[Short text fragments from websites]
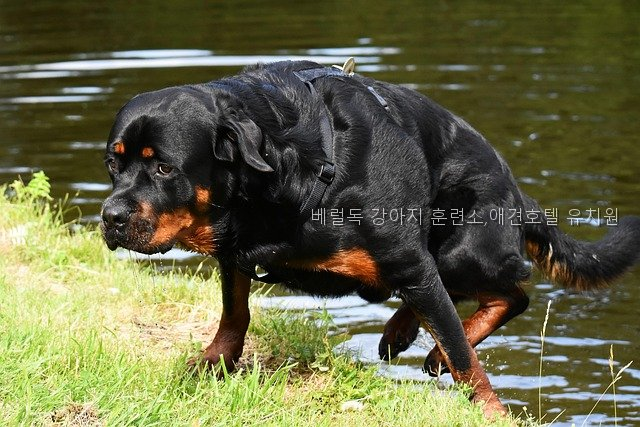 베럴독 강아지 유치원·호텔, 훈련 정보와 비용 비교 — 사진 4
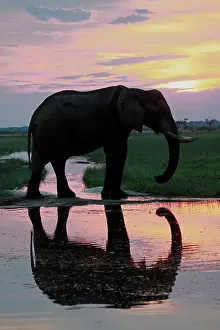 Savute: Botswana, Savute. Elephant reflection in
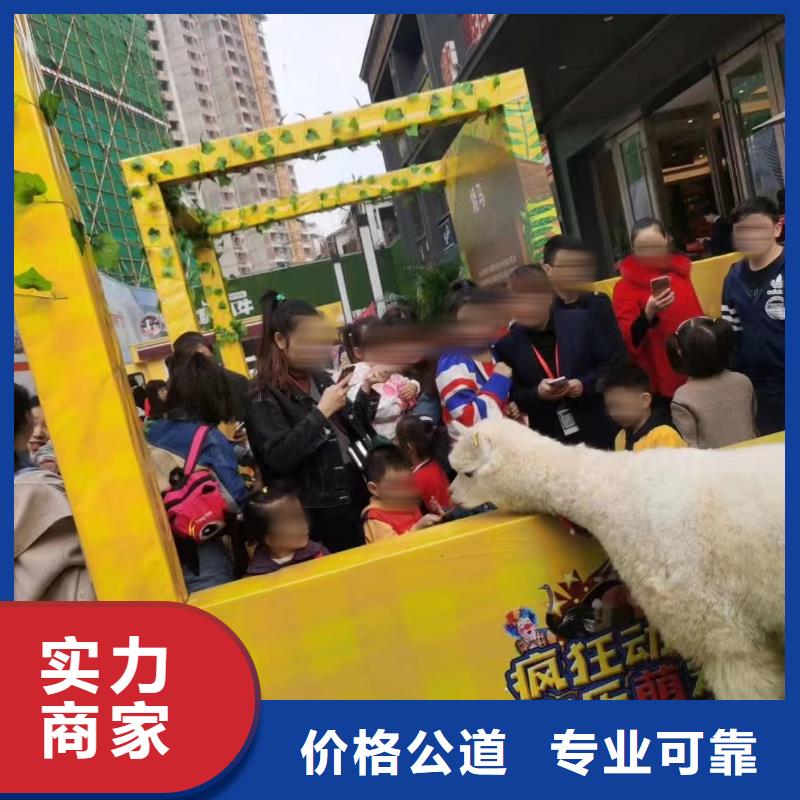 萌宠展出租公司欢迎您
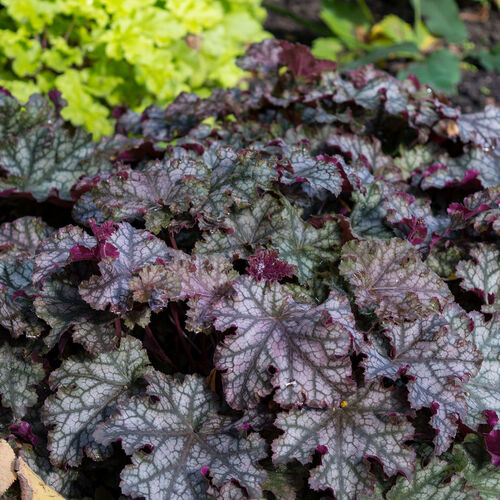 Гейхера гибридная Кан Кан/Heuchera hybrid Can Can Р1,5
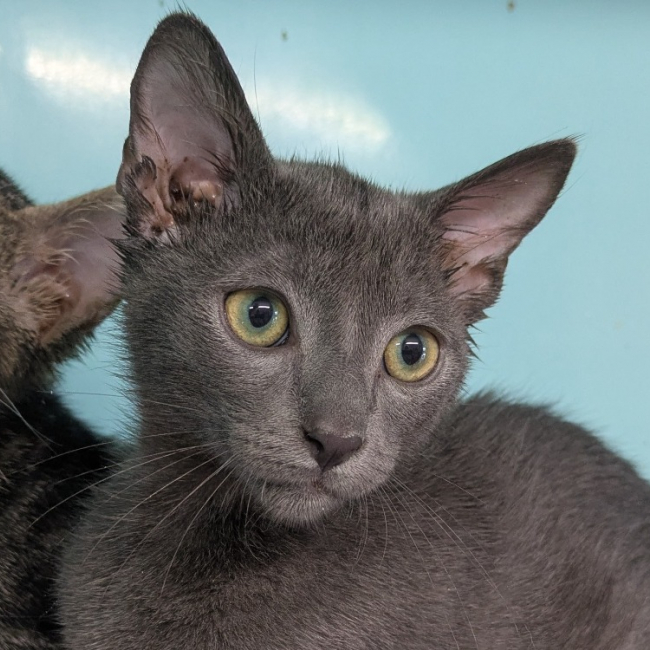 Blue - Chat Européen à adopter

● TASK TO CARRY OUT: Please output the records above exactly, without the pictures.

● RESPONSE TO THIS TASK:
 베럴독 강아지 유치원·호텔, 훈련 정보와 비용 비교 — 사진 4
 Savute: Botswana, Savute. Elephant reflection in
 萌宠展出租公司欢迎您
 Гейхера гибридная Кан Кан/Heuchera hybrid Can Can Р1,5
 Blue - Chat Européen à adopter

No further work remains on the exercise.